BEGIN Information shown

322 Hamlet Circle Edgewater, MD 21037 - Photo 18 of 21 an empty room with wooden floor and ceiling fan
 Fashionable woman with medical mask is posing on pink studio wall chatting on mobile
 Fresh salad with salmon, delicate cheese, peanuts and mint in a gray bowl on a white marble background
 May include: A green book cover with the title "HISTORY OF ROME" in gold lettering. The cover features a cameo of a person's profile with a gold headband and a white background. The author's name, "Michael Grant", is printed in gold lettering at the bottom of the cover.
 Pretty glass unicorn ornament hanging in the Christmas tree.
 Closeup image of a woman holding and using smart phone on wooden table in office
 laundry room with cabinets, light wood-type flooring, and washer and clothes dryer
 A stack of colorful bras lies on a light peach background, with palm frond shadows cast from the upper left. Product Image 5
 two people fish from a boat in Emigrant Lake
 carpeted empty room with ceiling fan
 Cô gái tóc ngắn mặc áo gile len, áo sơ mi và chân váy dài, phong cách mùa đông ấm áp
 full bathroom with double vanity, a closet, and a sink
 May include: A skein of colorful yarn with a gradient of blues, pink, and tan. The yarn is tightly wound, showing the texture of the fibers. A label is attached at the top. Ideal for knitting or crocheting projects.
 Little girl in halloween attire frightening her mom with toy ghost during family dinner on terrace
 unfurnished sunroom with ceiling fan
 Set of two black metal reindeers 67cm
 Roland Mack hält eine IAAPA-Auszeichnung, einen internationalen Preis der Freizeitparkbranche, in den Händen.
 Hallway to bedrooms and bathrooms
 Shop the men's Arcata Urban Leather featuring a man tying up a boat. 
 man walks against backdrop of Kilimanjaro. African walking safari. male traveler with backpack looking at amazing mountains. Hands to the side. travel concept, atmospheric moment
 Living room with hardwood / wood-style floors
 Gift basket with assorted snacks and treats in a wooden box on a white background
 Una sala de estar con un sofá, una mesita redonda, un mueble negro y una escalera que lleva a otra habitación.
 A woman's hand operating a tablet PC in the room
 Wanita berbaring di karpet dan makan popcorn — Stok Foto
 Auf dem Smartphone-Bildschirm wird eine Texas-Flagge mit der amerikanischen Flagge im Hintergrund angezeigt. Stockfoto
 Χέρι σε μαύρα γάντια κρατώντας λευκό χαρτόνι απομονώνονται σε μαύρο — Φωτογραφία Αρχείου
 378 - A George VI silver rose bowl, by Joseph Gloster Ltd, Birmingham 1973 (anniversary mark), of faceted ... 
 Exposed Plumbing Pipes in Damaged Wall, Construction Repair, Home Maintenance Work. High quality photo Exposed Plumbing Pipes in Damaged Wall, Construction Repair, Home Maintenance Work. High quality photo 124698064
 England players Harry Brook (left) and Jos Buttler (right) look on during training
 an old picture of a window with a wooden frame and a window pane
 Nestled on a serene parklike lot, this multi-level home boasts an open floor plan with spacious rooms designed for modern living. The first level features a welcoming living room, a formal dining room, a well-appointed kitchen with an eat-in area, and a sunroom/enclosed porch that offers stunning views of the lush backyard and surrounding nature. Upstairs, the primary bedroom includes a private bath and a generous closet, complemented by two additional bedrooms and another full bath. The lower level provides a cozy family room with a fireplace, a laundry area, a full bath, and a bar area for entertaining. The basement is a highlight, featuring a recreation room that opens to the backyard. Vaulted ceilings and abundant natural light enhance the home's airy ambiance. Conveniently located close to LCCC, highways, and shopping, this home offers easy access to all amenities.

END Information shown

▸ Problem to work on
All entries are to be retyped with no difference from the original.

▸ Solution for this exercise
322 Hamlet Circle Edgewater, MD 21037 - Photo 18 of 21 an empty room with wooden floor and ceiling fan
 Fashionable woman with medical mask is posing on pink studio wall chatting on mobile
 Fresh salad with salmon, delicate cheese, peanuts and mint in a gray bowl on a white marble background
 May include: A green book cover with the title "HISTORY OF ROME" in gold lettering. The cover features a cameo of a person's profile with a gold headband and a white background. The author's name, "Michael Grant", is printed in gold lettering at the bottom of the cover.
 Pretty glass unicorn ornament hanging in the Christmas tree.
 Closeup image of a woman holding and using smart phone on wooden table in office
 laundry room with cabinets, light wood-type flooring, and washer and clothes dryer
 A stack of colorful bras lies on a light peach background, with palm frond shadows cast from the upper left. Product Image 5
 two people fish from a boat in Emigrant Lake
 carpeted empty room with ceiling fan
 Cô gái tóc ngắn mặc áo gile len, áo sơ mi và chân váy dài, phong cách mùa đông ấm áp
 full bathroom with double vanity, a closet, and a sink
 May include: A skein of colorful yarn with a gradient of blues, pink, and tan. The yarn is tightly wound, showing the texture of the fibers. A label is attached at the top. Ideal for knitting or crocheting projects.
 Little girl in halloween attire frightening her mom with toy ghost during family dinner on terrace
 unfurnished sunroom with ceiling fan
 Set of two black metal reindeers 67cm
 Roland Mack hält eine IAAPA-Auszeichnung, einen internationalen Preis der Freizeitparkbranche, in den Händen.
 Hallway to bedrooms and bathrooms
 Shop the men's Arcata Urban Leather featuring a man tying up a boat. 
 man walks against backdrop of Kilimanjaro. African walking safari. male traveler with backpack looking at amazing mountains. Hands to the side. travel concept, atmospheric moment
 Living room with hardwood / wood-style floors
 Gift basket with assorted snacks and treats in a wooden box on a white background
 Una sala de estar con un sofá, una mesita redonda, un mueble negro y una escalera que lleva a otra habitación.
 A woman's hand operating a tablet PC in the room
 Wanita berbaring di karpet dan makan popcorn — Stok Foto
 Auf dem Smartphone-Bildschirm wird eine Texas-Flagge mit der amerikanischen Flagge im Hintergrund angezeigt. Stockfoto
 Χέρι σε μαύρα γάντια κρατώντας λευκό χαρτόνι απομονώνονται σε μαύρο — Φωτογραφία Αρχείου
 378 - A George VI silver rose bowl, by Joseph Gloster Ltd, Birmingham 1973 (anniversary mark), of faceted ... 
 Exposed Plumbing Pipes in Damaged Wall, Construction Repair, Home Maintenance Work. High quality photo Exposed Plumbing Pipes in Damaged Wall, Construction Repair, Home Maintenance Work. High quality photo 124698064
 England players Harry Brook (left) and Jos Buttler (right) look on during training
 an old picture of a window with a wooden frame and a window pane
 Nestled on a serene parklike lot, this multi-level home boasts an open floor plan with spacious rooms designed for modern living. The first level features a welcoming living room, a formal dining room, a well-appointed kitchen with an eat-in area, and a sunroom/enclosed porch that offers stunning views of the lush backyard and surrounding nature. Upstairs, the primary bedroom includes a private bath and a generous closet, complemented by two additional bedrooms and another full bath. The lower level provides a cozy family room with a fireplace, a laundry area, a full bath, and a bar area for entertaining. The basement is a highlight, featuring a recreation room that opens to the backyard. Vaulted ceilings and abundant natural light enhance the home's airy ambiance. Conveniently located close to LCCC, highways, and shopping, this home offers easy access to all amenities.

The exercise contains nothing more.